Renn Fayre is an annual three-day celebration that occurs on the campus of Reed College in Portland, Oregon. The
festival was originally a one-day Renaissance Fayre, held during the spring semester for the purpose of recreating the Renaissance era. On the final days of class instruction, seniors march from the library to the registrar's office to celebrate the completion of their theses and to receive congratulations from the institution's President. The parade of students begins a weekend festival that has featured a variety of activities and forms of expression, including a fire show, fireworks, food, a giant slide and skate ramp, handicraft, lube wrestling, nude students covered by blue paint known as "Picts", Glow Opera, and other sports.

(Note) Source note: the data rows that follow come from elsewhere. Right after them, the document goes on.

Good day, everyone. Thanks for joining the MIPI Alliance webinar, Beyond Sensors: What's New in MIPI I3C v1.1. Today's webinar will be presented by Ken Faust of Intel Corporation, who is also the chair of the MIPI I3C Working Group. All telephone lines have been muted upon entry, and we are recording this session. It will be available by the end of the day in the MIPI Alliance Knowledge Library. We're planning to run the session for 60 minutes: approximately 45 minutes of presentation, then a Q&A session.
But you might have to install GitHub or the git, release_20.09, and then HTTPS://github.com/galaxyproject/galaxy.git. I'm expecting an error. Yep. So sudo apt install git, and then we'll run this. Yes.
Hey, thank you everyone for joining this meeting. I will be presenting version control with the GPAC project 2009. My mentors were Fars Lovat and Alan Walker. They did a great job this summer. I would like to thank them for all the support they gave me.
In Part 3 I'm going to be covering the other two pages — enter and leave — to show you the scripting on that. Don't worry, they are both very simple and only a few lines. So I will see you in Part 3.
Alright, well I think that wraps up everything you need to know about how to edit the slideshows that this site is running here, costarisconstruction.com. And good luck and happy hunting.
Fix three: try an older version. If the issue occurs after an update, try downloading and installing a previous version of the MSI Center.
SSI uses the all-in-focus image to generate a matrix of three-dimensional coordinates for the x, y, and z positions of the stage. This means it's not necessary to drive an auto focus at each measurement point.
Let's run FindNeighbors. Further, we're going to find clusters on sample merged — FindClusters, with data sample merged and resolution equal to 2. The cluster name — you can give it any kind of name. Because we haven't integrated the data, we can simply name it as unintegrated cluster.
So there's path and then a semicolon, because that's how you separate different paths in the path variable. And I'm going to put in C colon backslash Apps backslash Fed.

==Drug use and controversy==
In 2008, Willamette Week reported on the tolerance of drug use during the festival. The article "inflamed" students and faculty, generating hundreds of comments, some of which were critical of the publication. Willamette Week revisited the story in 2009, concluding that little had changed, with similar activities taking place and a continued tolerance of drug use. In response, the school's spokesman stated: "We have a moral, legal and institutional responsibility to report serious violations. If we didn't see it and nobody points it out to us, we can't do anything. We've taken it seriously in more instances in the past year. We've gotten the Portland PD involved more." The spokesman also insisted that the college improved crowd control by limiting the number of festival participants and examines its alcohol and drug policy on a "pretty regular basis".